老後のお金、大丈夫?
人生と幸福とお金

老後を見すえた資金の計画をしよう

定年

定年の定義を調べてみると、「企業の従業員が一定の年齢に達したことを理由として退職、雇用契約を終了させること」だそうです。今まで「60歳になったら定年」ということは、ごく当たり前の社会通念でした。定年がやってくると、花束をもらって見送りの人に手を振りながら会社を後にする、という光景があたりまえでした。見送る側はあまり感慨もなく、何となくほっとした顔をしていましたが。
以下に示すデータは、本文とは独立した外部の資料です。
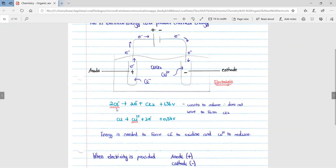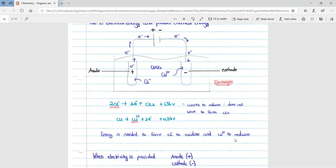We have the reaction of two Cl⁻ to form two electrons and Cl2, plus 1.3 volts. It wants to reduce — it does not want to form Cl2. We also have the reaction of copper forming Cu2⁺ and two electrons with a positive 0.34 volts. We can see that energy is going to be needed to force the Cl⁻ to oxidize and the Cu2⁺ to reduce. It won't happen on its own; it needs some form of energy for this reaction to happen.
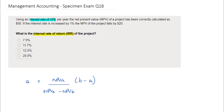The detail of the question reveals that using an interest rate of 10%, the net present value of a particular project has been calculated as $50. We're also told that if this interest rate increases by 1%, the NPV of the project falls by $20.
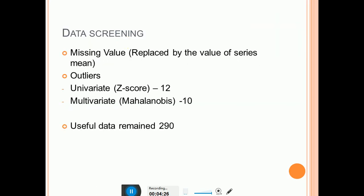Then include a slide on data screening and clearly discuss the steps followed: identify missing values and replace them using series mean; detect outliers both univariate and multivariate. Univariate outliers were detected using the z-score method and 12 were deleted. Multivariate outliers were detected using Mahalanobis distance and 10 were removed, leaving a remaining sample size of 290.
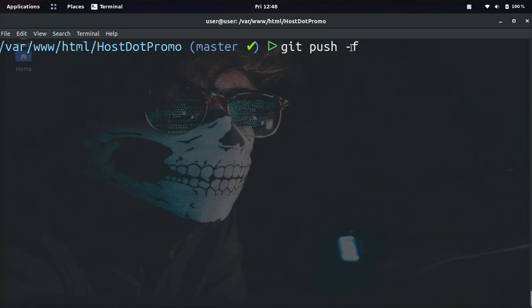But be very careful using this. If you have a big team or you have an open source project, people may have already downloaded the old repository. So use this very cautiously.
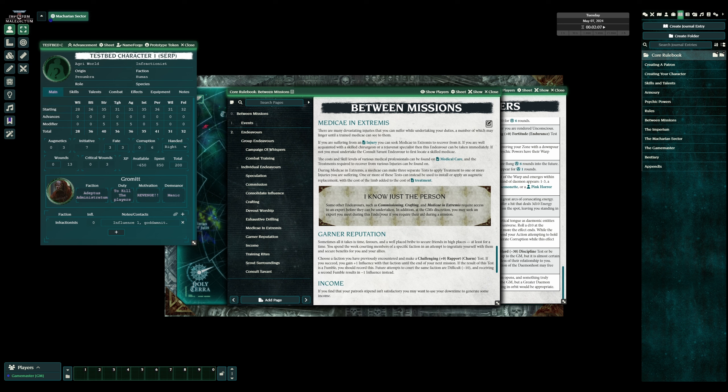All right, I think I've waffled on for long enough. If you've made it to the end, thanks very much. Please join us for character creation. This will be the start of the playlist. And, thanks for watching.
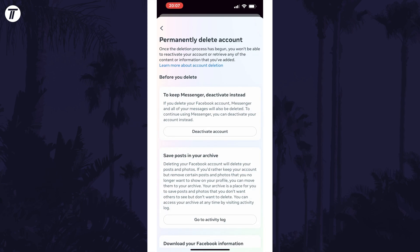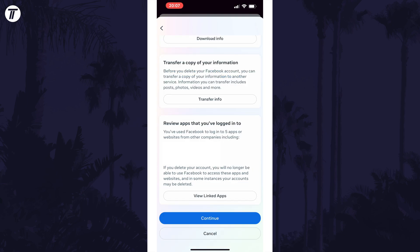You'll now see some information about what happens when you delete your account and there are some options here if you want to keep any information or deactivate instead. If you are sure you want to delete your account, scroll down and tap on continue, which is near the bottom of this page.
平成25年4月1日から「高年齢者等の雇用の安定等に関する法律」(高年齢者雇用安定法)の改正が行われました。それまで再雇用については各社で独自の基準を定めることができていたのですが、定年を迎えた社員については、「原則、希望する者には65歳まで雇用を継続しなければいけない」と変わりました。この法律は、急速な高齢化に対応して高年齢者が少なくとも年金受給開始年齢までは働き続けられるための、環境の整備を目的として施行されたものです。


なぜここにきて定年に関する法律が変えられたのでしょうか。 年金財源が逼迫しているために支給開始年齢を60歳から65歳に段階的に引き上げる必要が出てきたのだ、というのが定説です。確かに60歳で定年とすると支給開始までは無給となり、生活に支障をきたす恐れがあります。しかし、年金制度の運用に失敗した国が、定年を延長することで会社に面倒をみさせる、負担を民間企業におしつけたのだという見方もあります。


「定年」は国によってその法律も違い、アメリカなどでは、年齢を理由とした就職差別は連邦法によって禁じられています。就職活動用の履歴書には応募者の年齢や生年月日を記入する欄はないのだそうです。「定年」がないのですね。労働者本人の希望による退職や明確な能力的な理由による解雇でない限りは、生涯にわたって働き続けることができるのだそうですよ。また退職金制度は日本独自のもので、日本以外のほとんどの国の企業では、退職金が無いのが普通のようです。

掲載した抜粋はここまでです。